Time to delete Yik Yak, the perfect app for bullies and cowards

It’s become too cruel


Bitching is a good thing. It’s a skill that allows us to cooperate in large numbers and achieve remarkable things. 

It lets us know who we can trust, who we can’t and who’s shagging each other. It protects us from cheaters and unreliables. It’s the key to forging tighter and more sophisticated bonds of coordination.

The point about bitching – which every successful gossiper knows – is that the subject of the bitching doesn’t find out about it. They never know you and your co-bitchers deconstructed them right down to the atomic level.

I think we can all agree how important this is. Imagine a world where everyone knew what everyone else was saying about them. The streets would run with blood.

Yik Yak has taken bitching and done something very strange and new to it. On Yik Yak gossip becomes public. Simultaneously the anonymity of the gossipers is protected. The public and private are being smashed together, mixed up and confused with disturbing consequences.

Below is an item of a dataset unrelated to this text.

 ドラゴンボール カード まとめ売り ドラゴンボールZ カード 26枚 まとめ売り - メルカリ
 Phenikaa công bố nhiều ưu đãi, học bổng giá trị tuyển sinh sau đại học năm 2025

He’s probably calling someone a cunt

Two weeks ago, a Bristol economics lecturer refused to teach her class after she discovered they’d been using Yik Yak to make sexual comments about her. Having seen the Yaks, I can confirm they were bad, but nothing you haven’t said about half a dozen people over the course of your life, nothing out out of the ordinary.

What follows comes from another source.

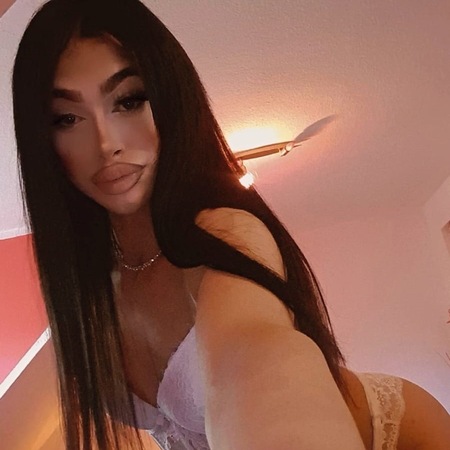 Heisser Teenie TS Anita 20J. Mega Service, Lübeck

What was out of the ordinary was the way they were published in public, in real time as she gave her lectures. And that’s not the only example of it being used cuntishly.

I like Yik Yak. Frequently it’s so funny that I find myself preparing my laughter before I even open the app, but I’m not sure it’s good for us. It’s not humorously impaired to ask that the cruelest bitching be done in privately, the way it’s been done so successfully for so long.

We shape our tools and then our tools shape us. Yik Yak is shaping us into funny, uncomfortable, awkward, cruel people who get revenge on the world by making comments that ought to stay private, public.

Those toxic yaks in Bristol are a prefiguration of worse to come. Our shared parent, the one who built the world we live in, the one who shapes all our conversations, is an geek who talks like a computer, who doesn’t do empathy, who doesn’t believe in privacy – Mark Zuckerberg. 

Yik Yak is turning into a place where we’re all Zuckerbergs, with dead fish handshakes and a refusal to look people in the eye, a public space to gather in and bully anyone we don’t like. We’re becoming cowards who wouldn’t say shit to the faces of the people we’re destroying.

At the risk of endorsing violence, next time you want to use Yik Yak to get personal with someone, why not offer them out instead? Your cousins, their cousins, no shanks and an abandoned industrial estate where you can get completely Clockwork Orange with each other.

That’s a much more civilized solution.